## Problem to solve
Entries follow. Return each line that contains the word "nome".

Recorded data
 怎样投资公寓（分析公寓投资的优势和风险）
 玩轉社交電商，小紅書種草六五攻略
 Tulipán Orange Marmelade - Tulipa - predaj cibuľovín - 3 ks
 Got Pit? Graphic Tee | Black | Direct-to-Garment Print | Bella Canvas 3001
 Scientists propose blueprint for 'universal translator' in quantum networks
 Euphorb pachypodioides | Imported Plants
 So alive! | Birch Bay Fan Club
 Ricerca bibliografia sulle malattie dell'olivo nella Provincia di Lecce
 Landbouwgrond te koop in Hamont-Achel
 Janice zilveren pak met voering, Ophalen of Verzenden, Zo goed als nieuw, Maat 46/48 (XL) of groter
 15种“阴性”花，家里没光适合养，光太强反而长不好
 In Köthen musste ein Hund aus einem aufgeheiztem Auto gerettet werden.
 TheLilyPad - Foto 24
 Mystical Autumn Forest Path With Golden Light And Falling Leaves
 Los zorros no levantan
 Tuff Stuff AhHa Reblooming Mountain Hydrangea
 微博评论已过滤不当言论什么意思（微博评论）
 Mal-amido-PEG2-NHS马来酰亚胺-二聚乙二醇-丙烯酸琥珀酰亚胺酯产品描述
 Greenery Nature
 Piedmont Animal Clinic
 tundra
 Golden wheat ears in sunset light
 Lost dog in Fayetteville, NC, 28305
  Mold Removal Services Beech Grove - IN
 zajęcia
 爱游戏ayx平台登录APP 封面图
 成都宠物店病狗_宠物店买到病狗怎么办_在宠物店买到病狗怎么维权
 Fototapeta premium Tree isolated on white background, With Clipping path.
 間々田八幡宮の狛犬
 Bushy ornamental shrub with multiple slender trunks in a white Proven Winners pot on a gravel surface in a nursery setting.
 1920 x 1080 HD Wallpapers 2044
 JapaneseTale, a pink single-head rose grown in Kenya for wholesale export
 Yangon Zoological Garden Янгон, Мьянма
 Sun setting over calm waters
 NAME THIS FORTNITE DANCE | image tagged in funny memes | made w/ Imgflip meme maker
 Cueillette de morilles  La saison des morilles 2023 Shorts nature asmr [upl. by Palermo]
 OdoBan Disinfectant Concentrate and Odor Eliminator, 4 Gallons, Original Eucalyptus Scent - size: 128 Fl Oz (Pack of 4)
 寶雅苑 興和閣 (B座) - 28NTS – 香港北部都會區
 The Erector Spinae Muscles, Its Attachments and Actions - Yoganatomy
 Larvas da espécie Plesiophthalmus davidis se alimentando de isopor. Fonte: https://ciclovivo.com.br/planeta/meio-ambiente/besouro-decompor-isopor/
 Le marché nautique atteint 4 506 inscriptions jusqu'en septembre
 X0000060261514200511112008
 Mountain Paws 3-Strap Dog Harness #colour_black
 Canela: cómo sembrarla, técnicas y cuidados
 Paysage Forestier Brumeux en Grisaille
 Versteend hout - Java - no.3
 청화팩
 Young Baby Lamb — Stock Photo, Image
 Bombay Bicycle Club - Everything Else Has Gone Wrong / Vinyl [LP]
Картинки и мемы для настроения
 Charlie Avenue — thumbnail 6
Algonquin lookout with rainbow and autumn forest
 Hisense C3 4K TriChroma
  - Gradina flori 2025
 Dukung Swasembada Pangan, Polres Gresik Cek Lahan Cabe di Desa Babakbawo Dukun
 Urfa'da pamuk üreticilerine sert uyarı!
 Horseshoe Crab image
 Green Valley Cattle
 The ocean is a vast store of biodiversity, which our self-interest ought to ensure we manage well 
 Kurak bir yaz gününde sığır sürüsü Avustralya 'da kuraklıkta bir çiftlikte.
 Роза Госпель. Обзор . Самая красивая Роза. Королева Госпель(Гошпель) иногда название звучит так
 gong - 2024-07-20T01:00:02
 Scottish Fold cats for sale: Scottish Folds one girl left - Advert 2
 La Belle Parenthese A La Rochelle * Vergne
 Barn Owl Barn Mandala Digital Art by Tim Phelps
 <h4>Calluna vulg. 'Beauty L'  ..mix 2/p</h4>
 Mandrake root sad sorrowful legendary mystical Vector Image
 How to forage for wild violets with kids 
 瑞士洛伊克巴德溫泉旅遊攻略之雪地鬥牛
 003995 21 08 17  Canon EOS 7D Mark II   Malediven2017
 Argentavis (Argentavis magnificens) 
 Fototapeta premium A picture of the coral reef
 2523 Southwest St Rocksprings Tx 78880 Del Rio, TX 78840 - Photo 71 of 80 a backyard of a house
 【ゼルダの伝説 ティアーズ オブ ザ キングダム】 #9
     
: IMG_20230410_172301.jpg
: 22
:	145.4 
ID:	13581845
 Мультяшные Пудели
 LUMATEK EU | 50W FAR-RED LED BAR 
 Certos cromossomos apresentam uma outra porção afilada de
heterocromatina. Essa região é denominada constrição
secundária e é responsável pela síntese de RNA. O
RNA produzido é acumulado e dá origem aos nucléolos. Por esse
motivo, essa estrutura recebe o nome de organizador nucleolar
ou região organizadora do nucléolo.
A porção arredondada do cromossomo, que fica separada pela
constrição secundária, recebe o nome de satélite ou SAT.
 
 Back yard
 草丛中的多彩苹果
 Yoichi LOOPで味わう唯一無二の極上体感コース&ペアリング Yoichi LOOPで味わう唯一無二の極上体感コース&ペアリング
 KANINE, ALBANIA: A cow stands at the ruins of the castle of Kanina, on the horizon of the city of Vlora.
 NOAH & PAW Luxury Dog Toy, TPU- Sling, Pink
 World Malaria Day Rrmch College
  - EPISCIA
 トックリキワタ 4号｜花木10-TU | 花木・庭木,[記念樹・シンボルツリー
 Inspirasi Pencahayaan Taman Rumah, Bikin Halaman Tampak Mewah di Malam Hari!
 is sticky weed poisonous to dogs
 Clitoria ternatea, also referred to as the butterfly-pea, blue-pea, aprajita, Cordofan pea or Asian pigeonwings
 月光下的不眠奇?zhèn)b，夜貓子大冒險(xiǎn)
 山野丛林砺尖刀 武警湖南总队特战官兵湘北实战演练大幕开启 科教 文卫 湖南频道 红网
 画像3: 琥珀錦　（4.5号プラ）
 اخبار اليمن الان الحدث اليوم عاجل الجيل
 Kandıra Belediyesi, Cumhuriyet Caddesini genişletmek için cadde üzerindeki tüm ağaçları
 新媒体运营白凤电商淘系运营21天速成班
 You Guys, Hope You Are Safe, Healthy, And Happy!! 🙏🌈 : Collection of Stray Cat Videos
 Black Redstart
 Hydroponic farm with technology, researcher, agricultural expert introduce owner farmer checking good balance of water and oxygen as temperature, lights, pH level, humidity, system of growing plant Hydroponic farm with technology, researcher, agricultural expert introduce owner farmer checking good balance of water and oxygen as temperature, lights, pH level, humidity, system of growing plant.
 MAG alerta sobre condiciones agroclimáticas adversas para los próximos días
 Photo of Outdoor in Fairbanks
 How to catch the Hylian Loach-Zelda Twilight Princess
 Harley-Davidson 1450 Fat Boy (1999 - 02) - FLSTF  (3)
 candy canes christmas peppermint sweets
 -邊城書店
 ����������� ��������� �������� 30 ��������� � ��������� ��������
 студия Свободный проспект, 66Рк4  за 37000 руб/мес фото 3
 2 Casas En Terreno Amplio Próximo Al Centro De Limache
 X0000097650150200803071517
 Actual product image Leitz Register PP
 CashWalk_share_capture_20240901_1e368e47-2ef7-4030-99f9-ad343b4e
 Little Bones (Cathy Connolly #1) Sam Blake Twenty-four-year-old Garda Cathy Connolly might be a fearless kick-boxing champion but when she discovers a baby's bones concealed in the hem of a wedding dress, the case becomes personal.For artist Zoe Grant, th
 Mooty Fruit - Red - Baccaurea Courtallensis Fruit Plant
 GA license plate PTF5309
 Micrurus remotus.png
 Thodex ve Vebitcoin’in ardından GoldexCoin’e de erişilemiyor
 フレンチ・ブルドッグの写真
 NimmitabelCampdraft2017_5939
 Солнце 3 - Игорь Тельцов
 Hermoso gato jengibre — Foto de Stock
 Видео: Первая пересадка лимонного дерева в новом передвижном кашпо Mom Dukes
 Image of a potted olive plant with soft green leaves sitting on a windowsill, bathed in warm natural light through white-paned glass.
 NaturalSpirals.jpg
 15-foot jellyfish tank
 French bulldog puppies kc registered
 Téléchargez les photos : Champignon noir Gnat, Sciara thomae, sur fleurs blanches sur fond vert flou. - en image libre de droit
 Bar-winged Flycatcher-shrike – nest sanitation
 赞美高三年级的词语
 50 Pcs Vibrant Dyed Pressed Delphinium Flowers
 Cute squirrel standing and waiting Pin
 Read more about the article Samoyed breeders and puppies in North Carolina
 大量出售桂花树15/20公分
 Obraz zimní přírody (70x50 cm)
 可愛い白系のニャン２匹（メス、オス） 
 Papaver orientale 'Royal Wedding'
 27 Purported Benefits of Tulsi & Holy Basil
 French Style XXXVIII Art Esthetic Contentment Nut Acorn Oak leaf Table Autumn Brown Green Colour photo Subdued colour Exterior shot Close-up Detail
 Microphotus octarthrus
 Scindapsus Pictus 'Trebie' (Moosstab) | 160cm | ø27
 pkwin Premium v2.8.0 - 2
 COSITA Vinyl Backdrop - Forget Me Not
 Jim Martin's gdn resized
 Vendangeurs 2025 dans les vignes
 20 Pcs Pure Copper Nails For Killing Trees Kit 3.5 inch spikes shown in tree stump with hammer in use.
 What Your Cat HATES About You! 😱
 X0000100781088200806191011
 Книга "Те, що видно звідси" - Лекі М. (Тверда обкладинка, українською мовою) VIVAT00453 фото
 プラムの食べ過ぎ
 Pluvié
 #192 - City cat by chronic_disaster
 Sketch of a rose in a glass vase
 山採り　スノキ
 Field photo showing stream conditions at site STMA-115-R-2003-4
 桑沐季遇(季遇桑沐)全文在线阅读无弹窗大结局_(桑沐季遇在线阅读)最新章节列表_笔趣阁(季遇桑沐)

## Your response
motivo, essa estrutura recebe o nome de organizador nucleolar
constrição secundária, recebe o nome de satélite ou SAT.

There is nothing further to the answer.